War crimes prosecutor Carla Del Ponte has dedicated her career to bringing the world’s worst human rights violators to justice. As chief prosecutor for the United Nations War Crimes Tribunals for Rwanda and the former Yugoslavia, Del Ponte successfully prosecuted some of the most powerful masterminds of mass murder, including Serbian strongman Slobodan Miloševi?.

Her recent memoir, Madam Prosecutor, details her experiences in The Hague. I spoke with Del Ponte’s co-author, Mother Jones contributor Chuck Sudetic, by phone from Croatia. (Del Ponte, now a Swiss ambassador to Argentina, has been barred by her government from speaking publicly about the book—for the backstory, listen to the podcast).

Two quick highlights from our conversation:

Mother Jones: In terms of strategy, Carla Del Ponte argues that it’s actually cheaper to pursue tribunals, as opposed to humanitarian aid and military inventions and peace keeping missions, and all the subsequent reconstruction efforts and development efforts, that the tribunals themselves are actually less expensive.

Chuck Sudetic: Exactly. A lot of people complain when they see the costs of the tribunal where you employ hundreds of people at a pretty high pay-grade in a pretty high-cost part of the world. But if you compare that to a U.N. mission in Bosnia, for example, that went on and on and on and spent untold billions to enforce a peace that didn’t exist, or when you talk about interventions in places like Rwanda, the tribunals are much, much cheaper. It still isn’t a foregone conclusion that tribunals will solve the problem in the long run, that they will create enough of a deterrence, but its at least worth the gamble because the cost compared to the alternative is significantly lower.

MJ: Toward the end of the book, Del Ponte offers a few lessons for prosecutors. She says that prosecutors must remain objective in the face of these horrendous crimes, and I just wonder if that’s even possible. I mean, these are the most heinous crimes crimes committed, and so how do you actually remain objective?

CS: Well you do it by being professional. And you do it by constantly questioning whether your evidence and whether your theory fit the case, and fit the law and the indictment. These are tough cases to proof because people who are presidents, people who are ministers of defense, or ministers of internal affairs, the police ministers of countries, they generally sit in offices that are air-conditioned and nicely furnished in places that are far away from the venues where execution squads are killing, or where men are going into villages and killing wholesale and raping women wholesale. What you’re required to do is to create a link between the crimes taking place on the ground and the orders given by the individuals, men and women, on high. It’s not a slam dunk, these are not show trials. These are places where inquiring minds have to be nay-sayers, and have to question everything, and it’s a good thing they do.

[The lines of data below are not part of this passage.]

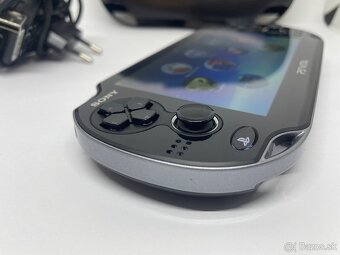 PS VITA PCH-1004 -OLED displej - 13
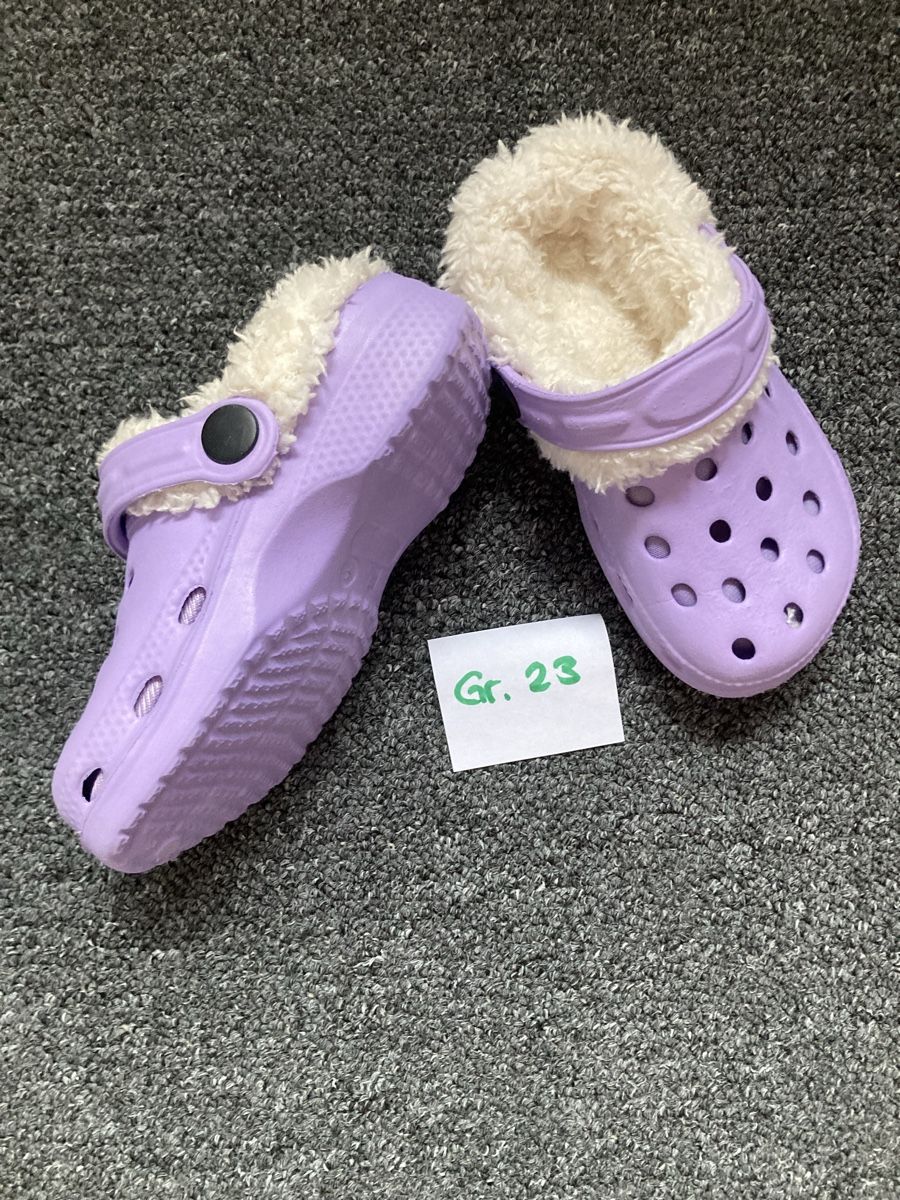 Scarpe per ragazze: Hausschuhe gefüttert – Nuovo (secondo la descrizione) da Wiler b.Utzenstorf venduto da Verkauf333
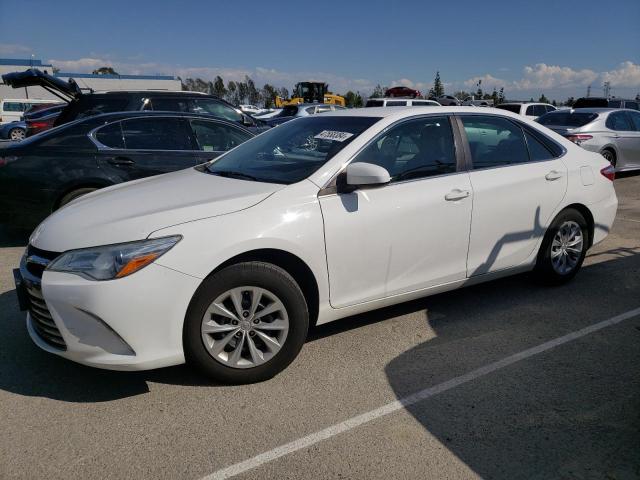 Lot #2423751309 2015 TOYOTA CAMRY LE salvage car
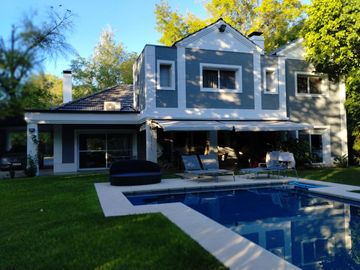 Casa única excelente ubicación impecable estado en 1 lote de 1.080 m²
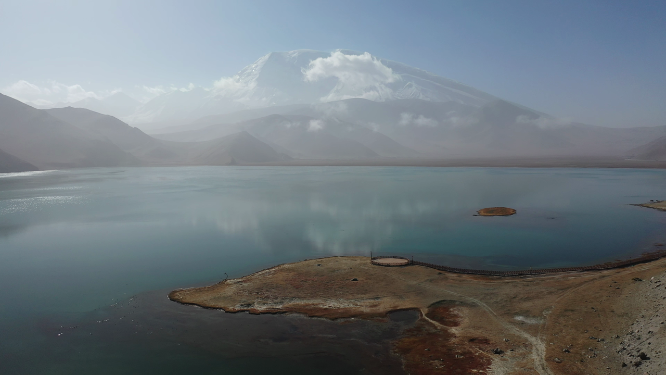 新疆卡拉卡里湖泊慕士塔格峰雪山风光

There’s a huge degree of cognitive dissidence involved in this. On the one hand you have to look into the faces of survivors of horrible events, who in many cases have been reduced to utter penury by the conflicts in which they’ve been victimized. Meanwhile, in an international justice system where the U.N. gets involved and the rights of the defendants have to be protected, the defendants in the jails are actually living better than the victims in the villages that have been burned and looted and all the women taken off and raped. These are difficult things to factor with some kind of common denominator. In the end, you get torn apart by this.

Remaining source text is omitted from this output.